__Task directions__
The listing below should be reproduced exactly, with the pictures omitted.

*** Supplied data Section Begins ***

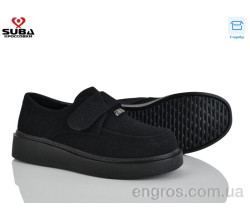 Туфли SUBA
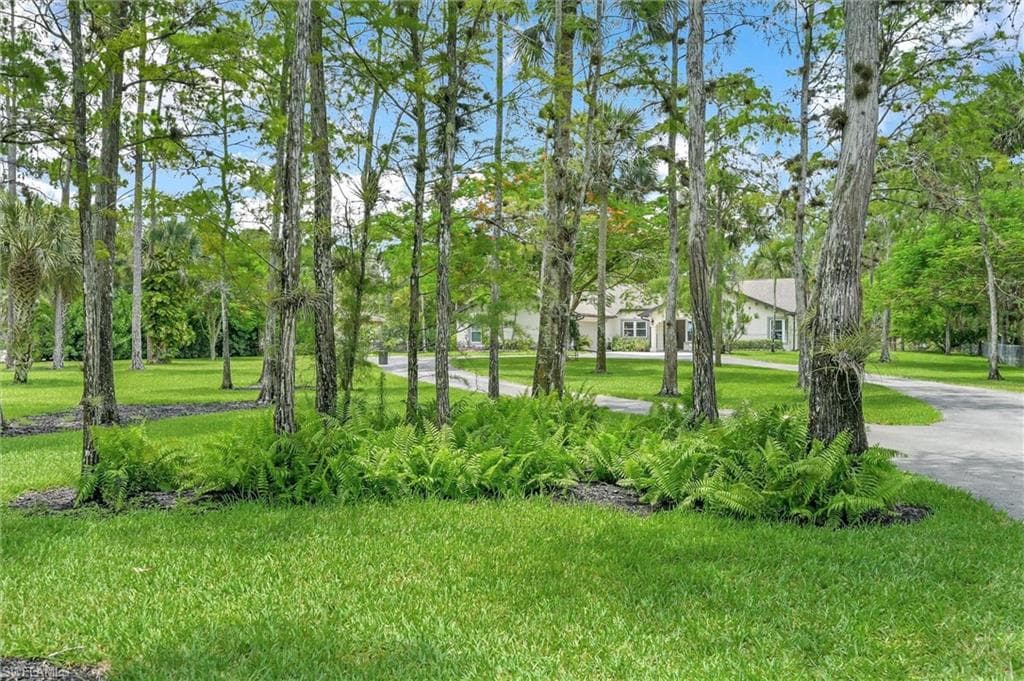 3480 19th Ave, Naples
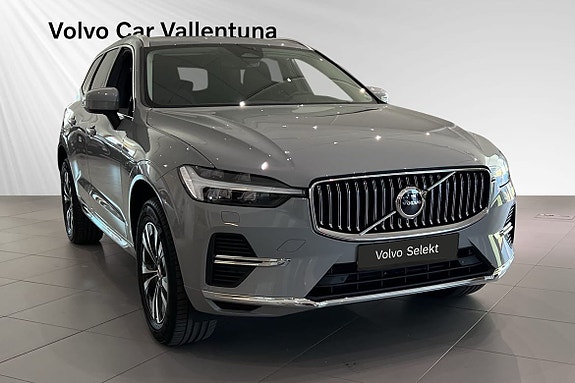 Volvo XC60 6 of 18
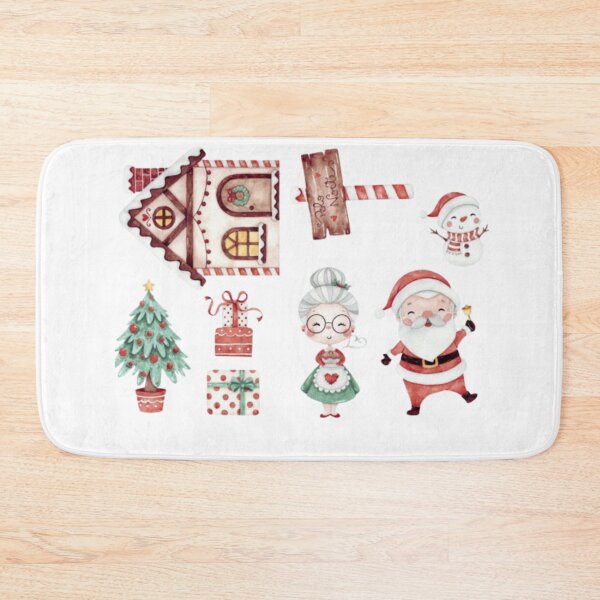 Item preview, Christmas Traditions designed and sold by TOGETHERINSIEME.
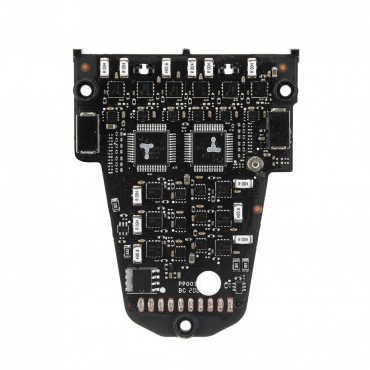 Dji Mavic Air 2 Esc Modül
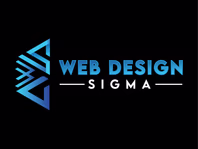 webdesignsigma.com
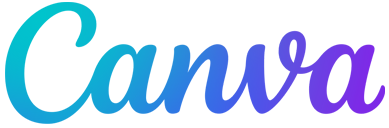 Canva 200 big Canva 200 big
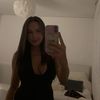 xnicolegilmour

*** Supplied data Section Ends ***

__Answer below__
 Туфли SUBA
 3480 19th Ave, Naples
 Volvo XC60 6 of 18
 Item preview, Christmas Traditions designed and sold by TOGETHERINSIEME.
 Dji Mavic Air 2 Esc Modül
 webdesignsigma.com
 Canva 200 big Canva 200 big
 xnicolegilmour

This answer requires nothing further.